Finding Matching Nuts and Bolts in O(n) Time
How can we efficiently check if there is a nut and a bolt that have the same size?
Given a collection of n nuts and a collection of n bolts, arranged in an increasing order of size, how can we find a nut and a bolt that have the same size? What is the time complexity of the algorithm?
Solution: Matching Nuts and Bolts
To check if there is a nut and a bolt that have the same size, we can use the following algorithm:
Keep two iterators, i (for nuts array) and j (for bolts array).
while(i < n and j < n) {
if nuts[i] == bolts[j] {
We have a case where sizes match, output/return
} else if nuts[i] < bolts[j] {
This means the size of nut is lesser than that of bolt, so we move to the next bigger nut, i.e., i+=1
} else {
This means the size of bolt is lesser than that of nut, so we move to the next bigger bolt, i.e., j+=1
}}
Since we iterate through each index in both arrays only once, the algorithm runs in O(n) time complexity.
Explanation
When given a collection of nuts and bolts sorted in increasing order of sizes, we can efficiently find a nut and a bolt that have the same size using a two-pointer approach. By comparing the sizes of nuts and bolts iteratively, we can identify the matching pair with a time complexity of O(n).

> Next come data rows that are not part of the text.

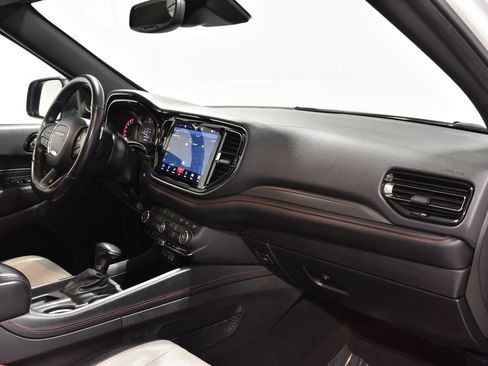 Used 2023 Dodge Durango GT image 31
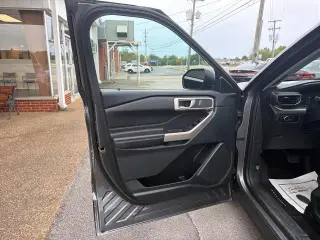 Ford Explorer 2023 XLT 4x4 SUV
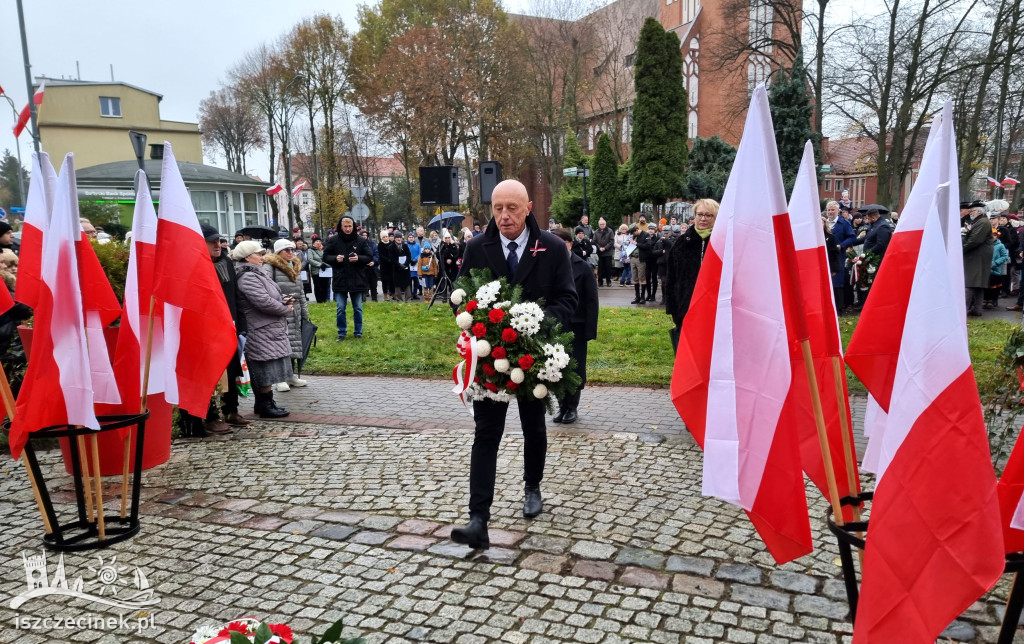 Szczecinek świętował 106. rocznicę niepodległości. Msza, marsz, przemówienie burmistrza i śpiew pieśni patriotycznych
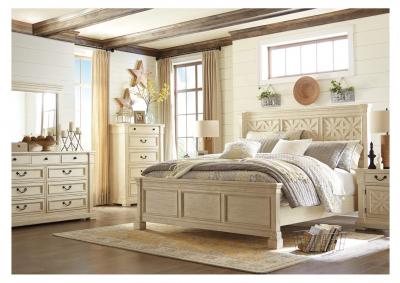 Bolanburg White Queen Panel Bed w/Dresser, Mirror & Nightstand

The algorithm involves keeping two iterators, one for the nuts array and another for the bolts array. By comparing the sizes at the current positions of the iterators, we can determine the relationship between the sizes and adjust the iterators accordingly. If a match is found, we can immediately output or return the pair without the need to continue searching for additional matches.
By iterating through each index in both the nuts and bolts arrays only once, the algorithm ensures that the time complexity is linear, making it efficient for checking matching sizes in a large collection of nuts and bolts. This method optimizes the process by utilizing the sorted order of the arrays to quickly identify matching pairs while maintaining a linear runtime.